When I was a child we used to get special Jewish children's books as prizes at religion school. They were always full of the kind of stories which adults brightly tell you are so much fun, but which you know are nothing of the sort. The illustrations were usually "artistic", that is in smudgy charcoal of idealised children with shyly appealing expressions. Food was always delicious, often featuring golden loaves rising and filling the kitchen with their aroma, mothers eternally loving and children only naughty by mistake. It all used to make me feel very rebellious.

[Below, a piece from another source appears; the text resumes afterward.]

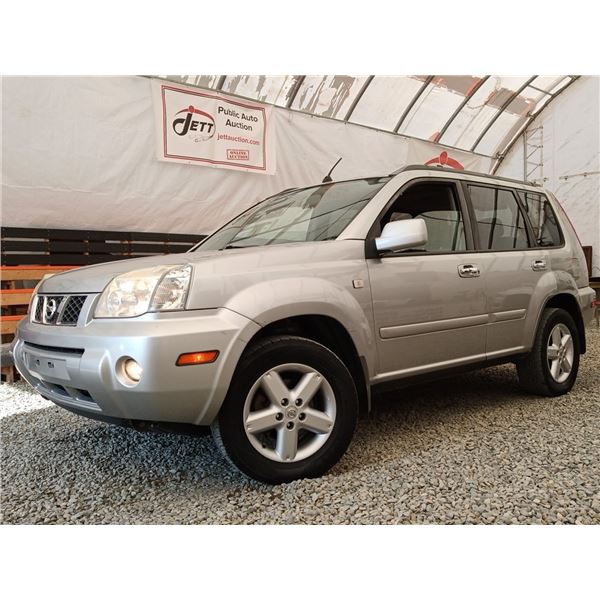 D3 --  2005 NISSAN XTRAIL XE 4X4, Grey, 258306 KM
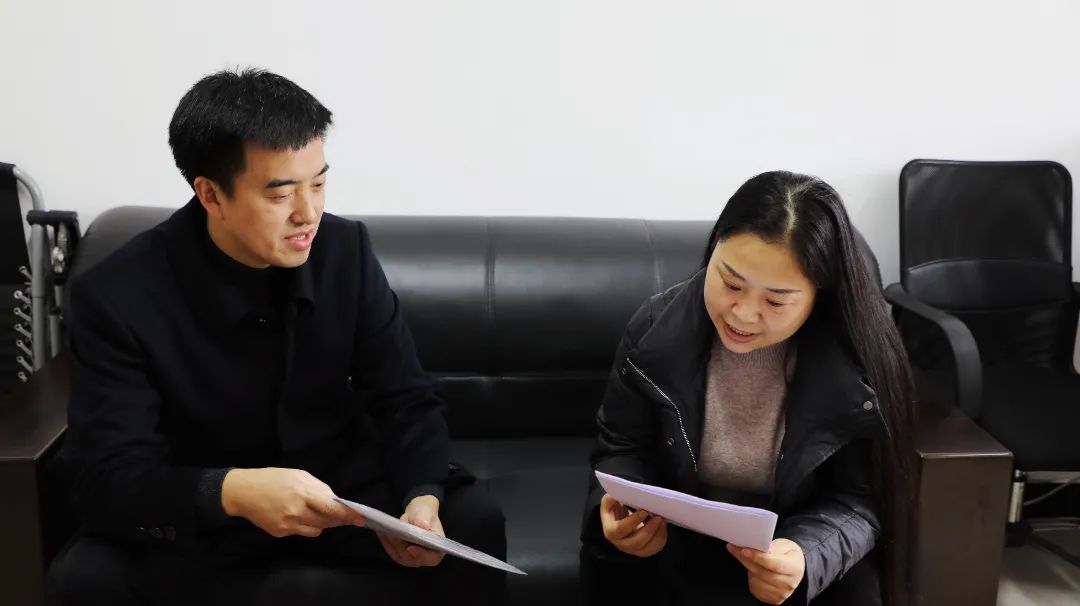 广安区法院党组书记,院长张凡平"一对一"走访联络省人大代表_澎湃号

Thirty-five years later, not much seems to have changed. In Ad le Geras's Jerusalem the Golden, despite spanning several generations of war-torn history, golden windows still offer glimpses of delicious food and maternal warmth. Is there nothing a plate of strudel cannot assuage? Adventures in the mythic city are offered as adventures in self-discovery and discovery of the Jewish past, all somehow gemuetlich and heimisch (roughly, heart-warming and homelike). A slightly more realistic view of childish spats and squabbles is occasionally interspersed with the pretty drawings, but it still makes me feel rebellious.
Always Adam, on the other hand, has the simple repetitive structure of a folk tale. It absorbs young readers as it follows a prayer shawl from pre-Revolutionary Russia to the United States of today in a moving snapshot of history. Religion schools ought to fall on it for their little boys. But the drawings are still just too gemuetlich to be true.